Figure 3.

PsA displays a disease-specific signature in blood related to enhanced ECM turnover. (A) PCA of blood gene expression profiles from PsA, RA and HI. The two first principal components (PC1, PC2) are plotted. (B) Venn diagram showing the overlap between ‘PsA vs. HI’ and ‘PsA vs. RA’ DEGs, representing the “PsA-specific gene set”. Selected genes are listed at the bottom of the diagram. (C) Gene ontology analysis, based on g:Profiler, for functional annotation of the “PsA-specific gene set”. (D) Venn diagram showing the overlap among ‘PsA vs. HI’ DEGs, ‘PsO vs. HI’ DEGs and the ‘PsA-specific gene set’. Selected genes related to integrin binding, ECM organization and ossification are depicted. (E) Bar plot illustrating the interaction pathways between blood cells and skin fibroblasts in psoriatic and healthy samples. Significance is inferred based on the relative information flow in each interaction pathway.
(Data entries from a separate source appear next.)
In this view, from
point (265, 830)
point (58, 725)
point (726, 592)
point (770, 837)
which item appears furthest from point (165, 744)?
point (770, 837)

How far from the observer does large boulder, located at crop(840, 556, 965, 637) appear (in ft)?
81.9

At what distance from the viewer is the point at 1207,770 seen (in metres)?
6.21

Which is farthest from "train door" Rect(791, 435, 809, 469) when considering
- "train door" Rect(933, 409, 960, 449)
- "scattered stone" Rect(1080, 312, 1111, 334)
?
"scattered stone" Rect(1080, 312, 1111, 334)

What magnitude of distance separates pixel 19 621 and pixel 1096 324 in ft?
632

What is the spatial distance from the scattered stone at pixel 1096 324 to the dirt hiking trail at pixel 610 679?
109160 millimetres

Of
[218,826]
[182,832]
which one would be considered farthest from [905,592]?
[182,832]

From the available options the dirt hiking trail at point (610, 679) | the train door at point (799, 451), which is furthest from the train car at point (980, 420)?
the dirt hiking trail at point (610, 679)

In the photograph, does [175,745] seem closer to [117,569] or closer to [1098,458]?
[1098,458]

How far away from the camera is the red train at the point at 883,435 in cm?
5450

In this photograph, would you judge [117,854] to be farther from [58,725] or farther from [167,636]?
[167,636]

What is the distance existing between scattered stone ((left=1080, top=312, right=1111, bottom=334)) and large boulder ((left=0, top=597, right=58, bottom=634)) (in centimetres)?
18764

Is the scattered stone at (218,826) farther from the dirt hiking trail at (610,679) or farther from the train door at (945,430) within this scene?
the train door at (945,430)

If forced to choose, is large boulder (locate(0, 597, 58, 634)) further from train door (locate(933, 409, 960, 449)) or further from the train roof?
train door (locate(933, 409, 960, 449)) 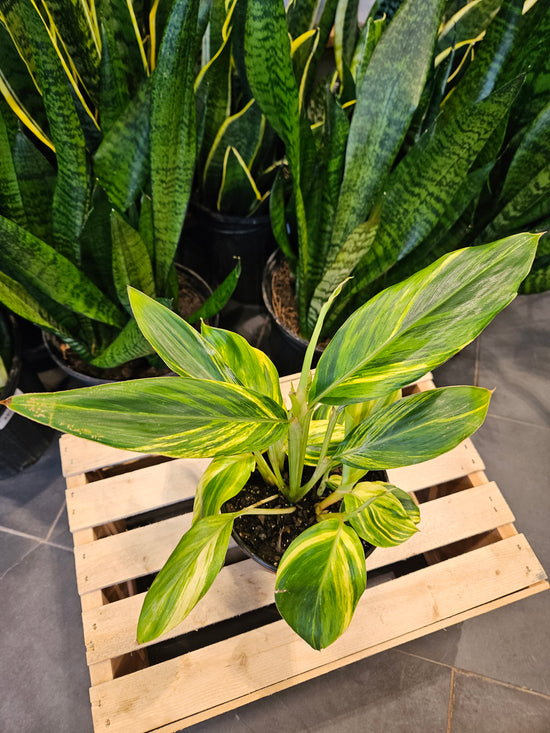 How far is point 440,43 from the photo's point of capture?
818mm

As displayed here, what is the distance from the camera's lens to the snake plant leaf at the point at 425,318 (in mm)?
356

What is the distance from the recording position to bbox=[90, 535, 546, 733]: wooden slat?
2.02ft

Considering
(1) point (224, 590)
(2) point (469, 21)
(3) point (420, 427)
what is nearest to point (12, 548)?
(1) point (224, 590)

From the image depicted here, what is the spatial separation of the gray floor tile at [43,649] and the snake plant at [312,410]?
0.54 metres

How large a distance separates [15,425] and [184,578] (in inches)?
23.6

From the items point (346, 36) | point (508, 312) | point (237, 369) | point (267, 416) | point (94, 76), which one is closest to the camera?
point (267, 416)

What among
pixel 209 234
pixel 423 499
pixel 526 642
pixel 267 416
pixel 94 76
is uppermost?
pixel 94 76

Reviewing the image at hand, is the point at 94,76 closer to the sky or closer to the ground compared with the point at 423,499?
closer to the sky

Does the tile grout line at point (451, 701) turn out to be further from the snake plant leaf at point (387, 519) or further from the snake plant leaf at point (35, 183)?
the snake plant leaf at point (35, 183)

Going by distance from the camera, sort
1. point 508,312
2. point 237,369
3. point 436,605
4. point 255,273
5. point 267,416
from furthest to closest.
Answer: point 508,312 < point 255,273 < point 436,605 < point 237,369 < point 267,416

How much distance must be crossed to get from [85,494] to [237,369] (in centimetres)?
40

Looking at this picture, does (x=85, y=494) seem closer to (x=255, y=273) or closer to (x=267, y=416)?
(x=267, y=416)

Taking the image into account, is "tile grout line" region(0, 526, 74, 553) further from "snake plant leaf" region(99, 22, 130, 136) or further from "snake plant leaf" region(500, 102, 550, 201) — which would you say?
"snake plant leaf" region(500, 102, 550, 201)

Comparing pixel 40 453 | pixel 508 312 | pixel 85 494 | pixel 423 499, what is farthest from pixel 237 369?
pixel 508 312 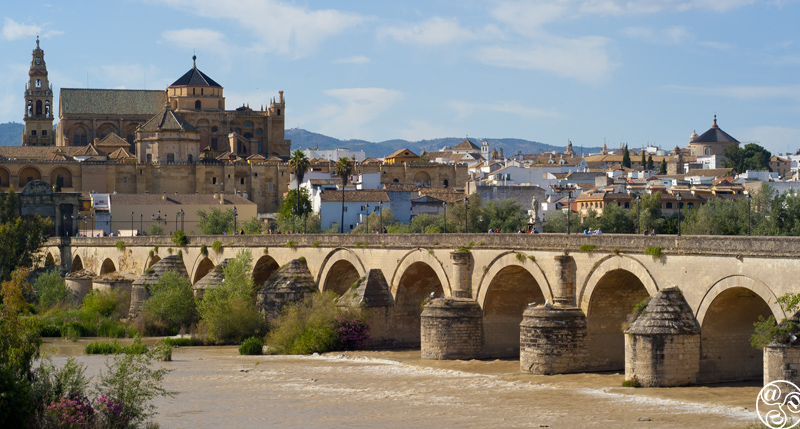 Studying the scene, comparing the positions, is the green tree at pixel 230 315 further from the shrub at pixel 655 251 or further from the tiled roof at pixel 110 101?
the tiled roof at pixel 110 101

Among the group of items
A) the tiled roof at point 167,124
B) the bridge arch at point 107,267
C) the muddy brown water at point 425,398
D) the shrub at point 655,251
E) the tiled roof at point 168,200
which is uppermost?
the tiled roof at point 167,124

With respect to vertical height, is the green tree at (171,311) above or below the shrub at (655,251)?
below

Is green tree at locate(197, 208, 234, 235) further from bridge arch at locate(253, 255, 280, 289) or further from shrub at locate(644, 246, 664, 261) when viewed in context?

Red denotes signaling pathways enriched in PsA, blue denotes signaling pathways enriched in healthy state, while pathways depicted in black are equally enriched between the two states. (F) Plots showing selected signaling pathways between blood cells and skin fibroblasts in PsA and HI. Lines originate from a cell type (blood cells or fibroblasts), indicating the source of the ligand, and connect to the cell type (fibroblasts or blood cells, respectively) where the receptors are expressed. The width of each line is proportional to the communication probability, inferred by the number of unique ligand-receptor interactions. Loops represent autocrine circuits. ECM, Extracellular matrix; PsA, Psoriatic arthritis; HI, Healthy individuals; RA, Rheumatoid arthritis; DEGs, Differentially expressed genes; PsO, Psoriasis.